I'm looking at the surf in galveston from my office as I write this. The breakers are smaller today (maybe 1-2 ft) and the water is bluing up close to shore. It appears tomorrow maybe a good day here.


----------



## spannymacker (Jan 3, 2008)

Pictures are greatly appreciated!!! And thanks again SSP!


----------



## jeff.w (Jan 22, 2006)

Thanks for the report ssp, and thanks for the visual stuart. nice pics.


----------



## chickenbone (Jan 25, 2005)

Just got a report from my surfer buddy that he saw a guy bring in 6 trout in 10 minutes this morning on the surfside jetty. He is more into surfing than fishing so don't have any details on the fishermen was cathing them on.


----------



## rf1970 (Jun 6, 2006)

Looks pretty fishable to me. Seems like that is just my luck, for it to be like chocolate milk all weekend and green on a Wednesday. Hopefully it will stay like that until then. Sometimes I wish that I lived down there all the time. Good luck to everyone... and thanks to Justin for the great posts. Rob


----------



## slowrey (Dec 7, 2007)

water looks better in close than it did last night....scratched out 2 macks to 19in. and 1 17 in spec in 45 mins before dark......i knew it would be better today but just cant make it......by the way there isnt a lot more fun to catch than schooling macks....they can pull some drag when they want to....
there was a lot of bait in the water last night so im sure it will be a great evening with the greener water....good luck


----------



## Trout Laguna (Aug 31, 2007)

Stuart, ever have much luck throwing flies from the jetty, do you have to use a sinking line?

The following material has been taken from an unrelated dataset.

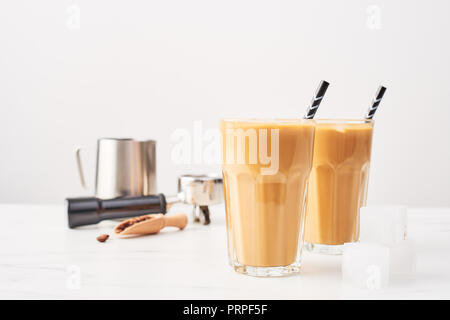 Barista Konzept. Eis Kaffee in ein hohes Glas mit Strohhalm und Milch Krug, portafilter und Holz-/Maßnahme auf weißem Marmor Tabelle über weiß Hinterg Stockfoto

Pardon me for all the question, I am just very curious about this and have never done it.

So far, I have learned to focus on bait in the first gut, not to be afraid of throwing a few blind casts and I know that poppers are a good choice. do you use poppers that have a small rattle? Streamers, heavily weighted streamers? What sort of leaders do you use, I have always thrown a 9-10 ft tapered leader from either climax or rio that has eight pound line at the end to throw at reds and trout in Mansfield and baffin. What do you guys throw, should I post a thread in the Fly forum since this isn't exactly a fishing report?



Stuart said:


> Okay, went down there at lunch. Here are a couple pictures of the surf and channel. It would still be pretty sporty to wade fish the beach, but it won't take long to get better. Water clarity on the gulf side of the jetties was pretty decent, definitely fishable. On the channel side it wasn't as nice, but not too terrible. I looked over to the Quintana side and it looked like yahoo.
> 
> I chunked a couple of lures for 20 or 30 minutes and then I had to get back to work. No bumps, but can hardly make a judgement from the limited amount of time I was there.
> 
> ...


----------



## Stuart (May 21, 2004)

Throwing a fly rod on the jetties would be pretty tuff. Too much behind you (railings, people) too hang up the backcast on. Plus typically you stand down on the rocks which means the sidewalk would be above your head. As far as what to use SSP is a better person to ask. I'm a rookie when it comes to fly fishing the surf.


----------



## TheSampsonator (Jan 7, 2008)

*Decision, Decision, Decision......*

I've been watching the surf conditions closely the last several weeks (via cams & weather forecasts) and can't make up my mind if I should just head down tomorrow morning or wait it out for friday morning. Should I hold out and chance my window of opportunity for better water on friday? What shall it be boys!?


----------



## roundman (May 21, 2004)

i jus left the flagship and the water looks pretty good, ifin the wind stays low it should be great in the morning


----------



## surfgrinder (May 18, 2008)

*surf report*

just left the beachfront also - color good but rough as hell. waded the pass and it broke my do-net. Also tons of seaweed. caught a hardhead and that is it! then went to 57th street and waded the seawall. also good color but rough nada


----------



## VTGOLFER (Nov 25, 2007)

Anybody think its going to be on in the morning?


----------



## imhammer (Oct 13, 2007)

I will be there to try it. It is pretty flat right now!


VTGOLFER said:


> Anybody think its going to be on in the morning?


----------



## NateTxAg (Apr 11, 2006)

I would definetely go if I could! We need to make a trip soon now that your back in town!


VTGOLFER said:


> Anybody think its going to be on in the morning?


----------



## Red Tuna (May 19, 2007)

VTGOLFER said:


> Anybody think its going to be on in the morning?


Already green water and the 2 knot winds at the N. Jetty say "YES"!

http://www.co-ops.nos.noaa.gov/hgports/hgAllMET.html


----------